Since the first Pikes Peak Hill Climb in 1916, racers and teams have charged up the craggy Colorado mountainside, through switchbacks and undulating sweepers, on everything from motorcycles to semis.  Prior to the paved road, gentlemen drivers, and electrified record breakers we know today, Pikes Peak Hill Climb was a dirt and gravel gauntlet that only the most-hardened racers dare to conquer.

1957 Pikes Peak Hill Climb. (Photo by Ray Brock/The Enthusiast Network via Getty Images/Getty Images)

Don’t get it twisted, the 12-mile, 156-turn climb is still plenty dangerous in the present day, with steep cliffs and a 4700-foot elevation gain from start to finish. Back in the day, though, the race possessed a certain level of grit and innovation unseen in today’s contest. The intersection of these values is highly prevalent in monochrome photos captured in the 1960s. America’s open-wheel and road-racing champs pitched sedans, sprint cars, and sports cars up the winding dirt road with reckless abandon.

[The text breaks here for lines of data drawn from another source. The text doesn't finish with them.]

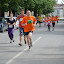 tomegfut_galeria318.jpg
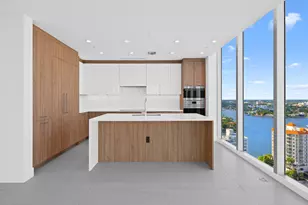 151 N Seabreeze Blvd, Fort Lauderdale, FL 33304 - Photo 23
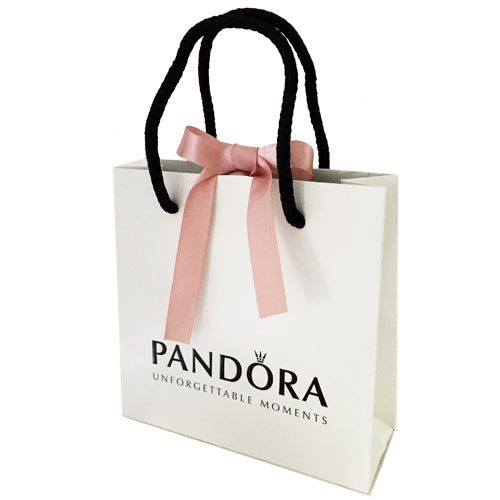 PANDORA SHOPPERS PACK 25pc — Ansicht 1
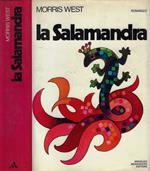 La Salamandra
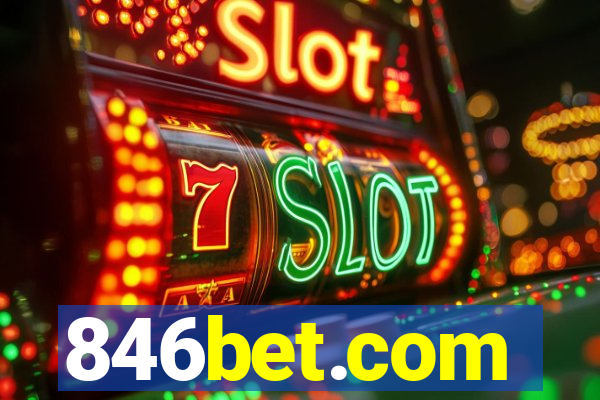 846bet.com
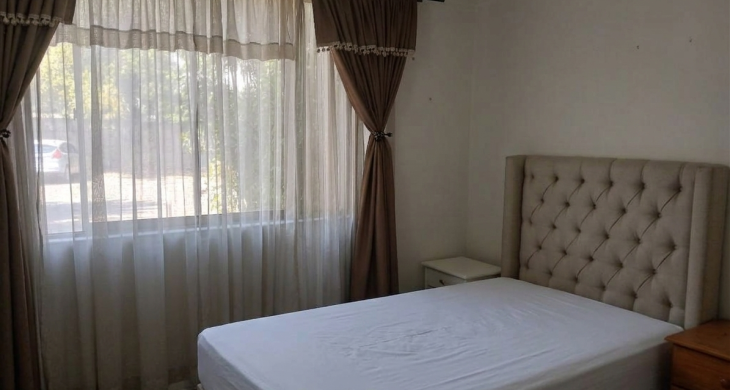 Dormitorio 3b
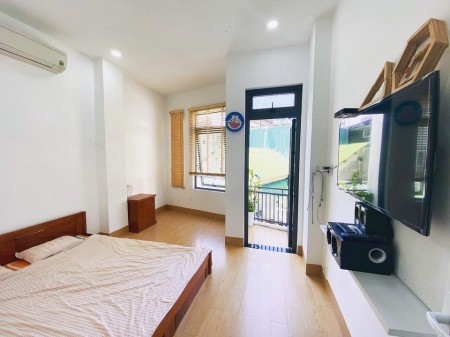 Chính chủ kẹt dịch bán nhà 40m2, giá bán 3.7tỷ, HXH, Tân Sơn Nhì, Tân Phú.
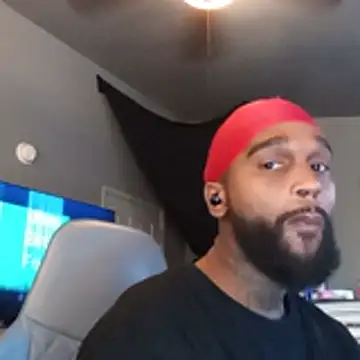 Snapshot of EbonyKing69 chatting on 30, 10, 2025 EbonyKing69 online show from 30, 10, 2025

Of the thousands of entrants over the years, this Jaguar D-Type (shown above) driven by Billy Krause has to be one of the coolest.

Orville Nance in his Chevrolet-powered open-wheel racer, circa 1965. (Photo by Ray Brock/The Enthusiast Network via Getty Images/Getty Images)

Krause was one such old-school renegade racers. He could also be considered the Forrest Gump of motorsports, rubbing shoulders with auto racing’s giants throughout the 1950s and ’60s. Yet he is relatively unknown as a. racer compared to contemporaries like Carroll Shelby, Dan Gurney, and Mickey Thompson.

Legend has it that his family thought open-wheel dirt track racing was too dangerous. Despite winning a midget championship in 1955, Krause made the transition to professional road racing when his father bought him a $10,000 3.4-liter Jaguar D-Type—the rig supposedly once ran at Le Mans.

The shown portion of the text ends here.